=== Data under study ===
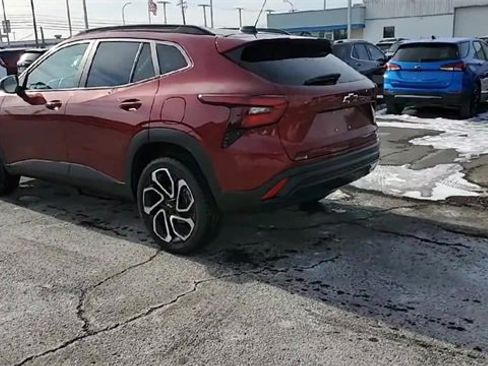 Certified 2025 Chevrolet Trax RS w/ Driver Confidence Package image 6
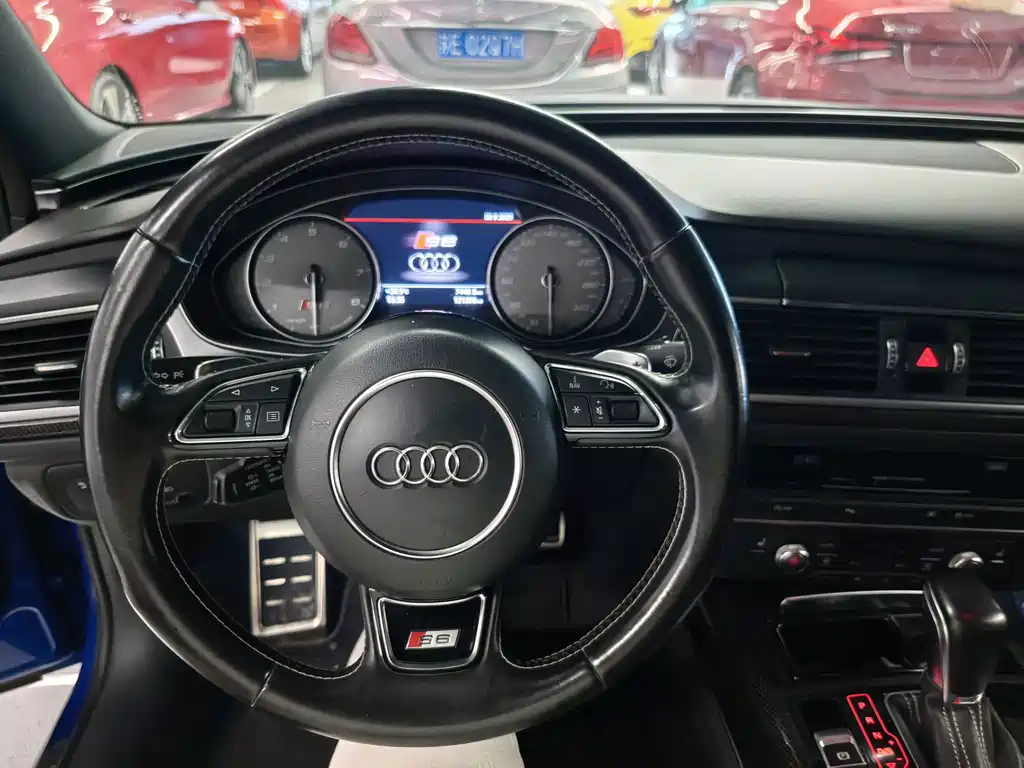 Audi S6 — миниатюра 4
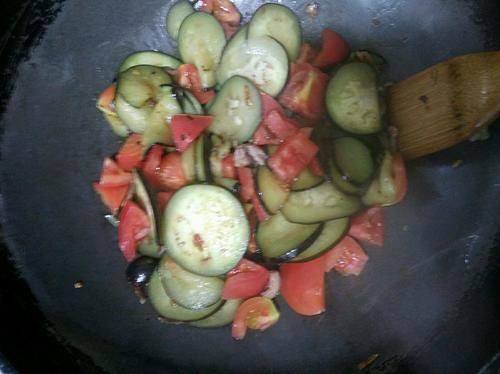 【番茄烧茄子】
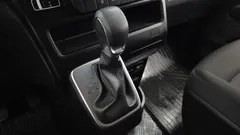 2022 Hyundai Staria Cargo 5-Seater — фото 9
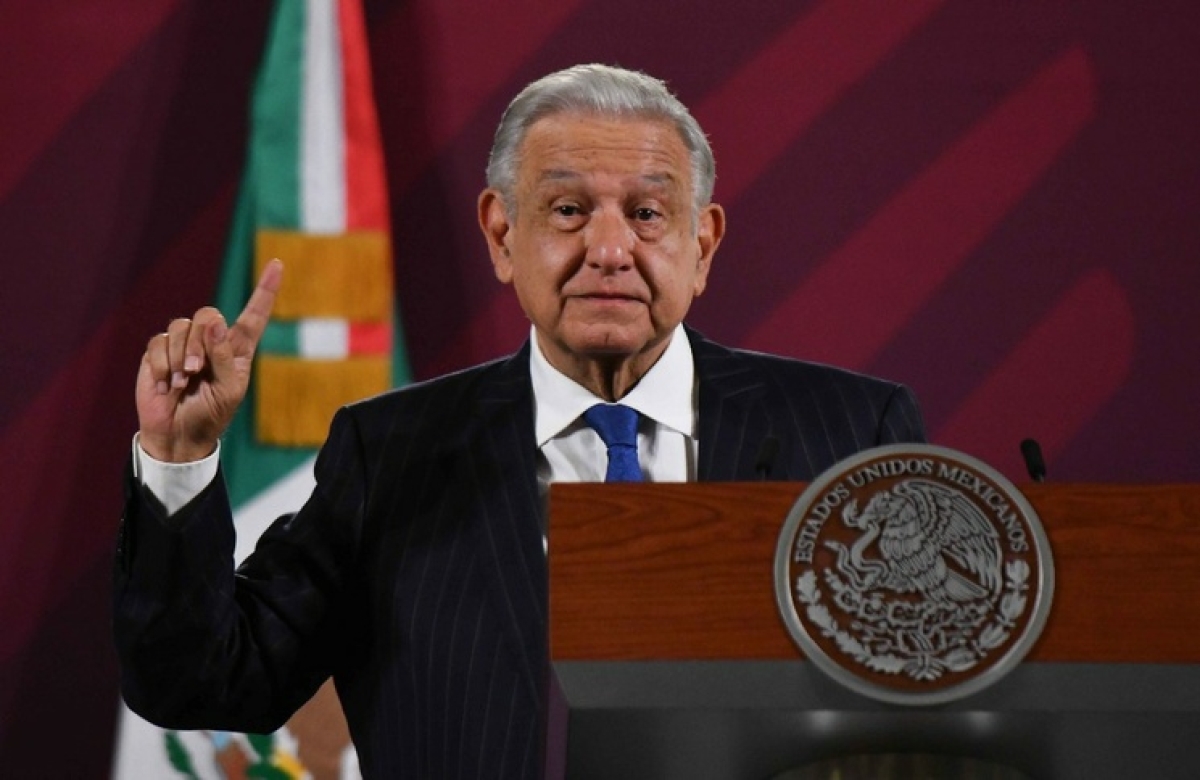 AMLO niega acusación de Ebrard sobre acarreo en favor de Sheinbaum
===
*Work to be completed*
Please print every record exactly as written, without the pictures.

*Response to this exercise*
 Certified 2025 Chevrolet Trax RS w/ Driver Confidence Package image 6
 Audi S6 — миниатюра 4
 【番茄烧茄子】
 2022 Hyundai Staria Cargo 5-Seater — фото 9
 AMLO niega acusación de Ebrard sobre acarreo en favor de Sheinbaum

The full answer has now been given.